Youth has vanished but
            we remain unaware
We search eternally for it
            our backs doubled with age

Friday, April 9, 2010


            The video posted here is ‘The Game of Survival’ from ‘The Bear’ filmed by Jean-Jacques Annaud, the French film maker.  We have been captivated by the survival techniques employed by the enterprising bear cub to wriggle out of a sticky spot.
            Haven’t we all been faced with such tricky situations in our day-to-day life from time to time?  Would it be an exaggeration to say that it is a jungle out there we navigate everyday?  May be not, for I certainly can spot quite a few ferocious lions, cunning foxes, cowardly lambs, chattering monkeys and squealing rats around me.  We regularly learn to side-step potential quicksand and find our way through the unknown wilderness with lurking dangers in the jungle landscape of our careers.
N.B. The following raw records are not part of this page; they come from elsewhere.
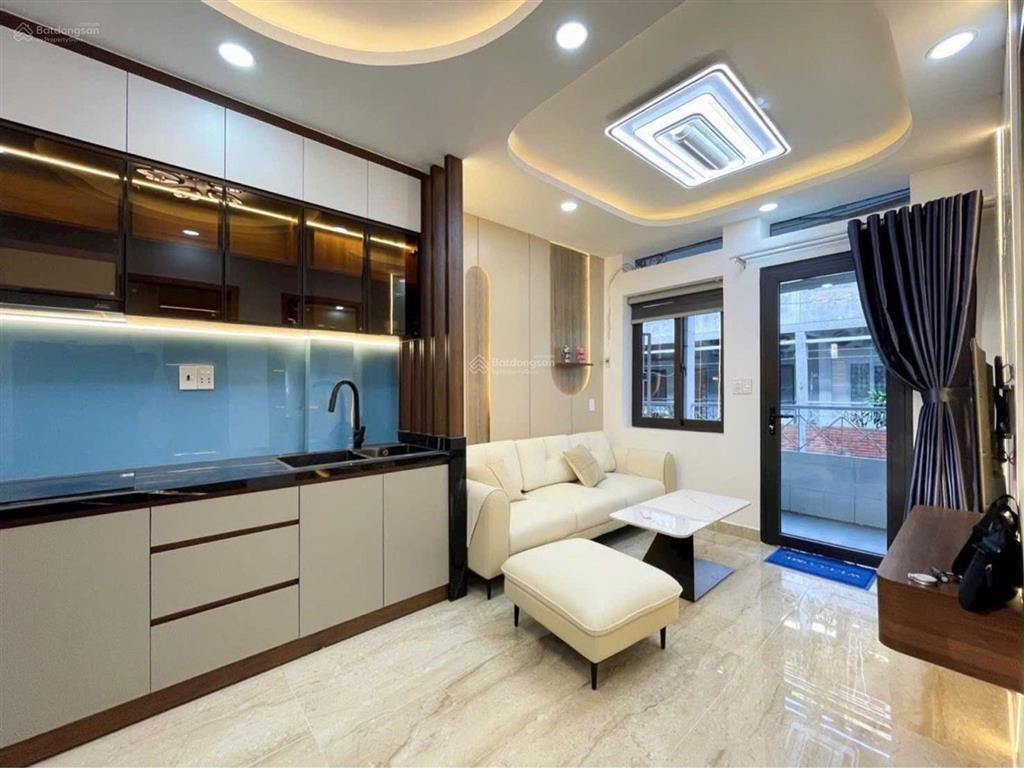 Cực phẩm chung cư, ngang 6m đẹp keng, 2pn, nơ trang long, bình thạnh. chỉ hơn 3 tỷ
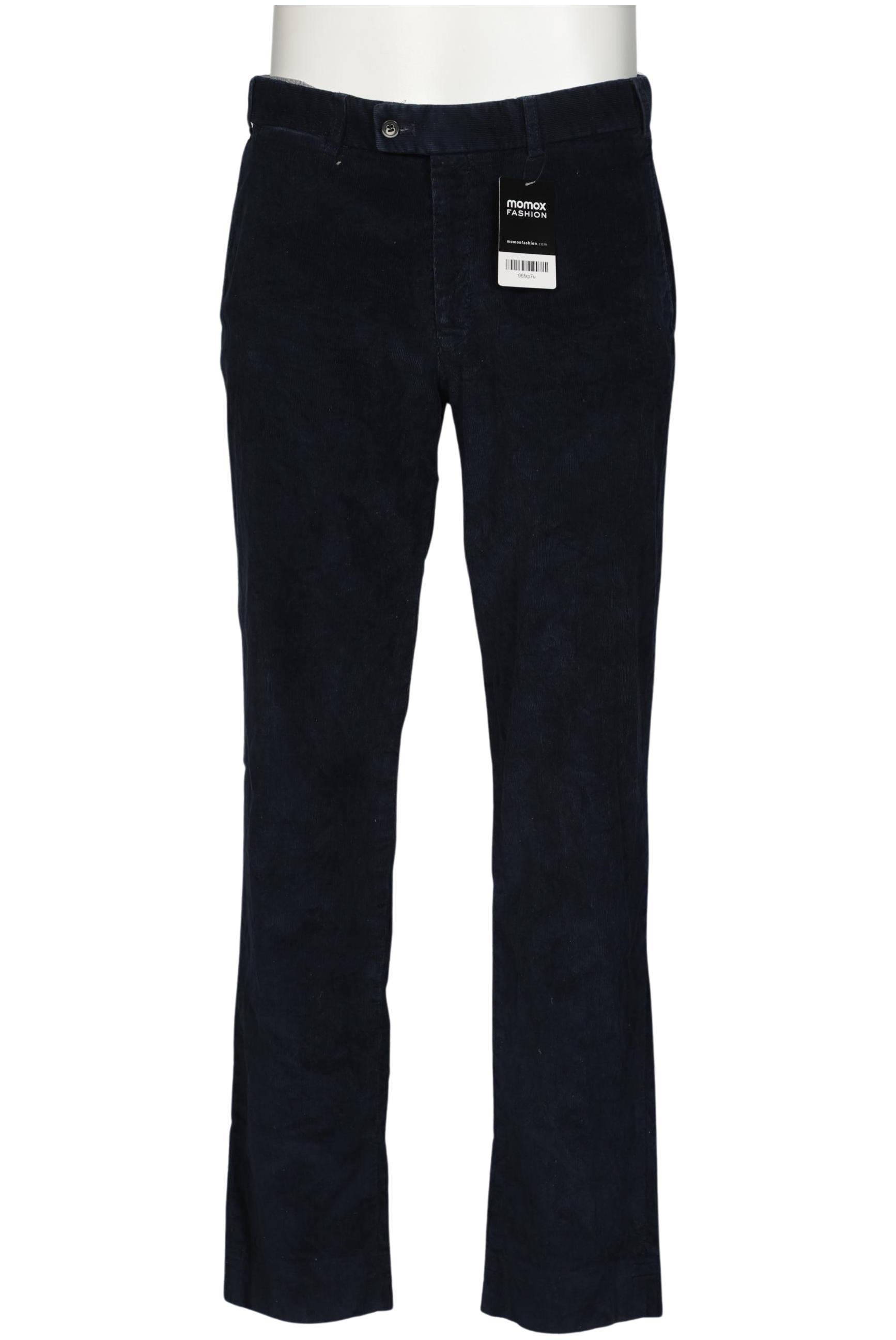 

Hiltl Herren Stoffhose, marineblau, Gr. 50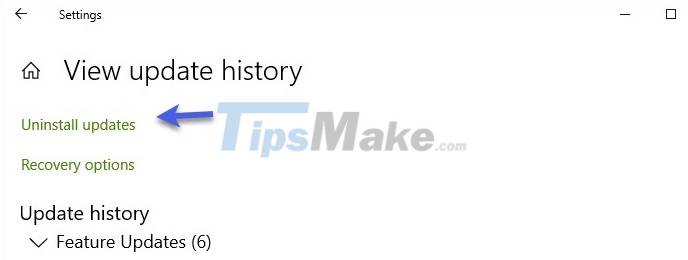 Steps to fix Taskbar error not working on Windows computers Picture 17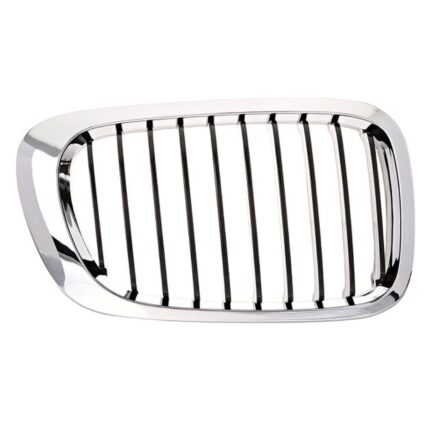 Grille Assembly Right Black for BMW 323i 328i
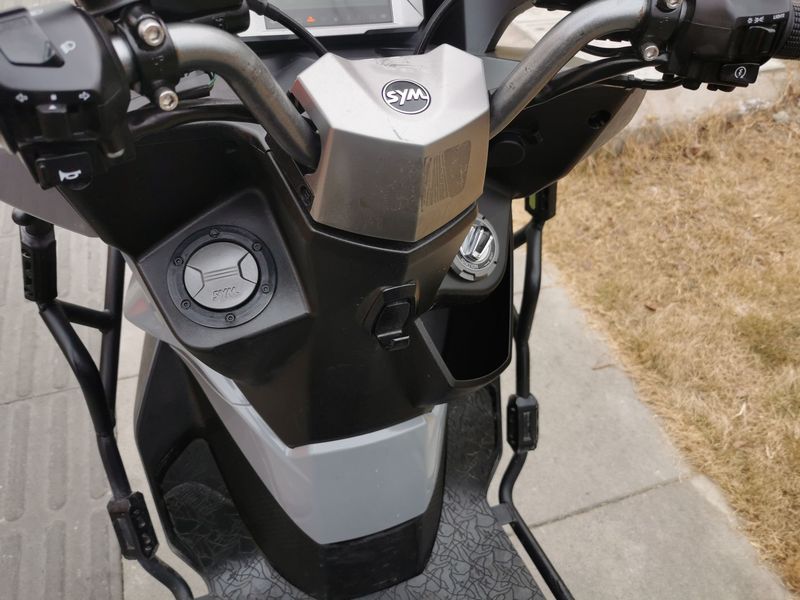 二手三阳巡弋 Cruisym150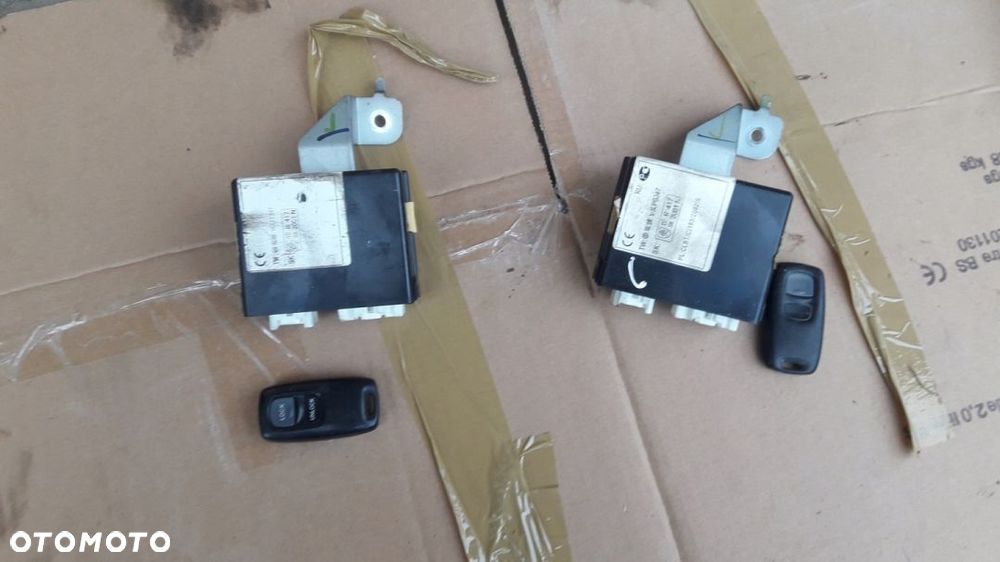 Mazda 6 02-07 Pilot  Sterownik Visteon 41803 - 1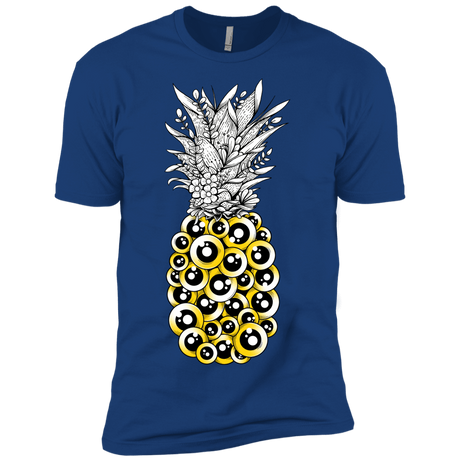 T-Shirts Royal / X-Small Tropical Illusion Men's Premium T-Shirt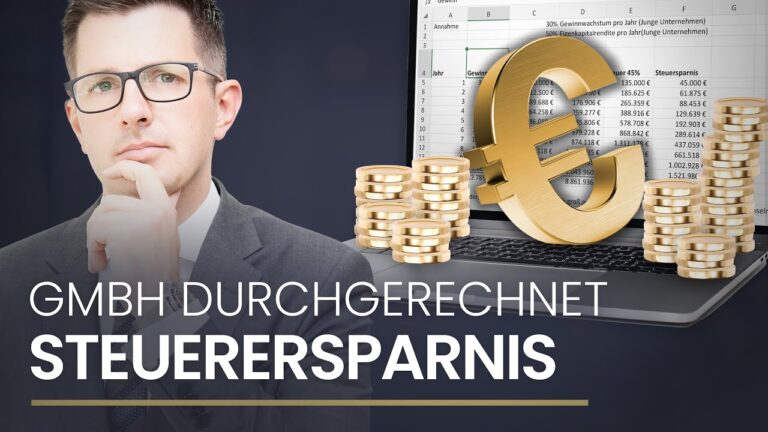 Optimierung der Unternehmenssteuern in Deutschland: Strategien und Ans&auml;tze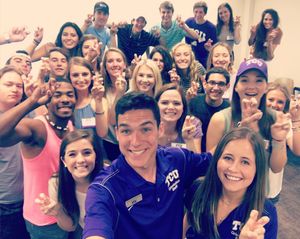 Image post by @texaschristianuniversity on Instagram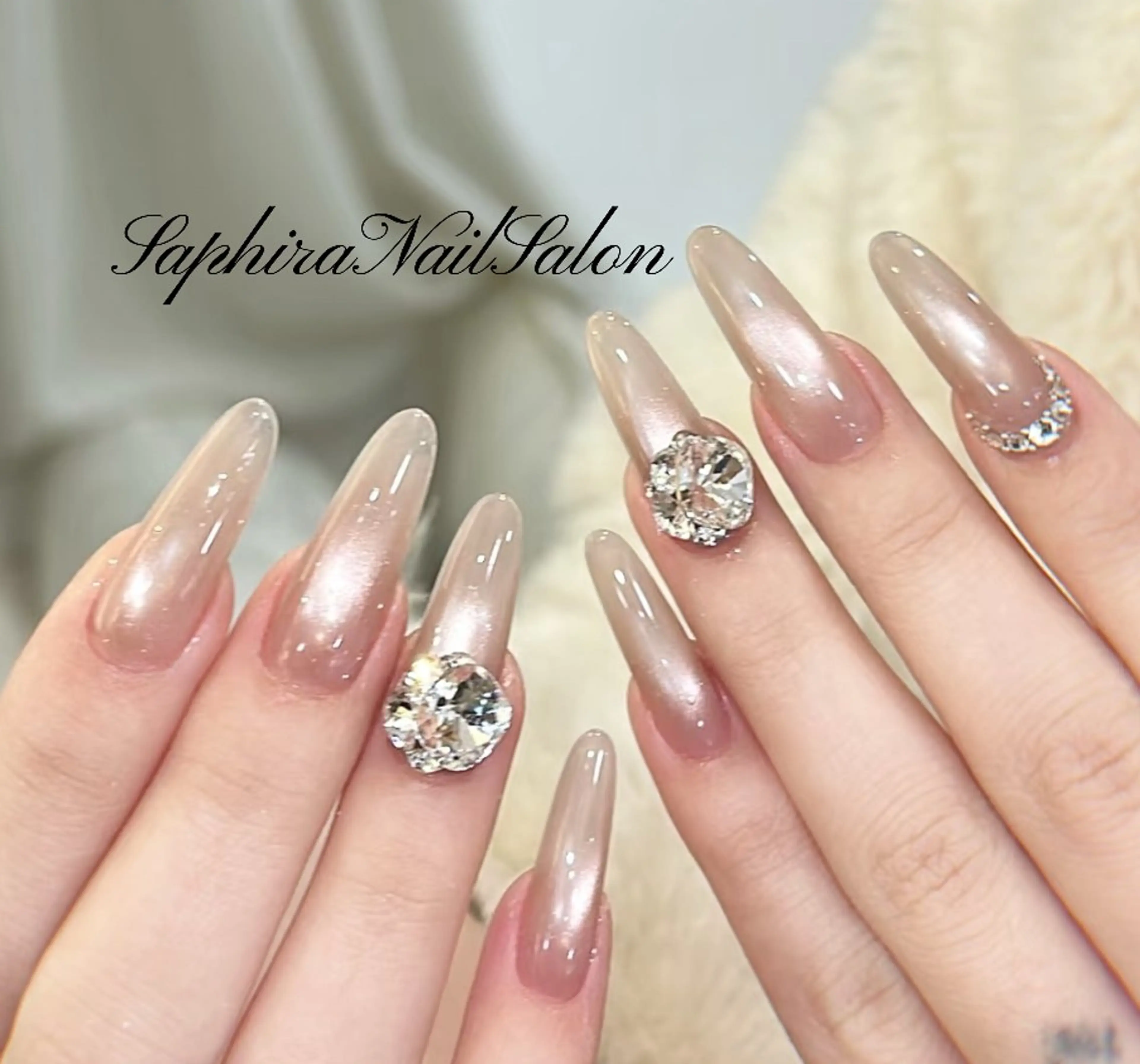 ネイル SaphiraNailSalon所属・saphira nailのネイルデザイン
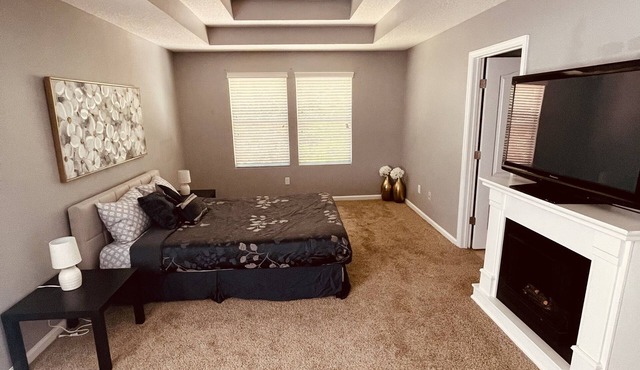 Stay Jacksonville best location! Home away from Home!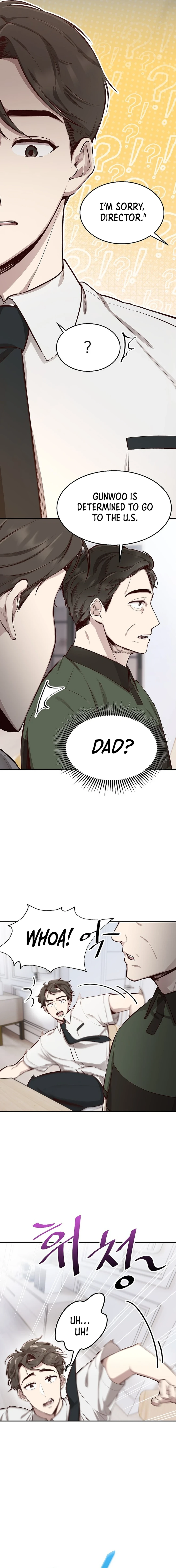 Read Genius Hitter Hits Fastball Manga Online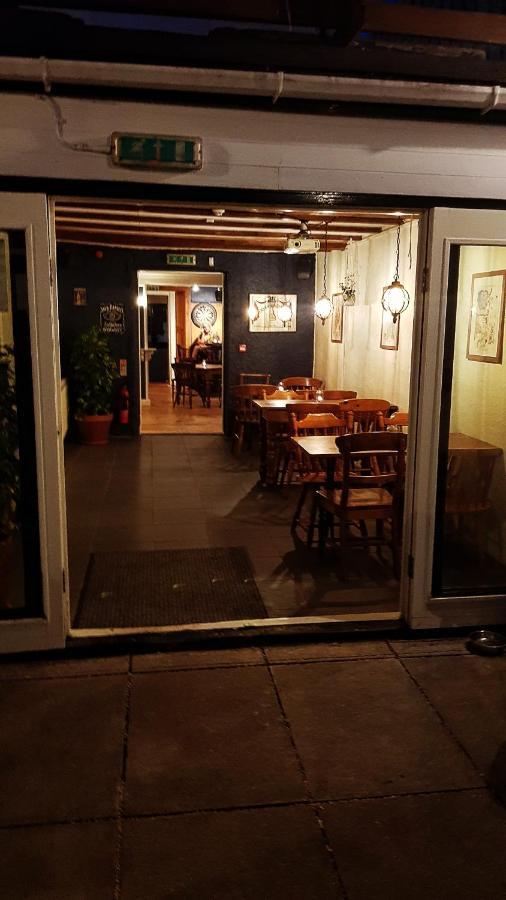 Jacobs Ladder Inn Falmouth Eksteriør billede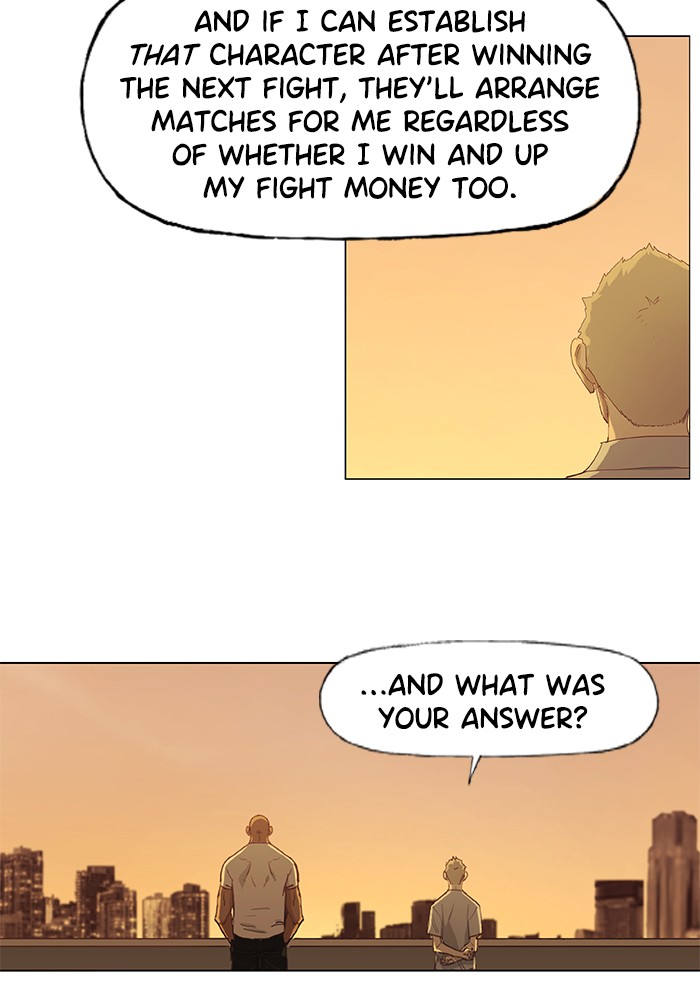 The Boxer Chapter 17 page 70 - Chapter 17: Ep. 17 - The Sinner (2)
        Our social lives are a different game of survival altogether.  A potentially threatening situation for many of us is striking a conversation with strangers.  The English are blessed that they have a tailor-made topic for initiating conversation-the weather.  The glorious vagaries of the English weather are a fool-proof conversation kick-starter.  With weather like the one Chennai enjoys (!) what does one ask? “Isn’t it hot/hotter/hottest today??”  Forget anyone responding favorably to that, it would be a definite conversation-stopper.  Many thanks then to our unctuous politicians, swash-buckling cricketers and vainglorious movie stars for being the fodder to keep our small-talk going on forever. Religion, caste and language may separate us but these netas, princes and badshahs bridge our differences.
            Well, for many of us (yours truly included) the biggest survival game would be the daily challenge of arriving at work on time and leaving work before time.  Hmm, a tough life, indeed.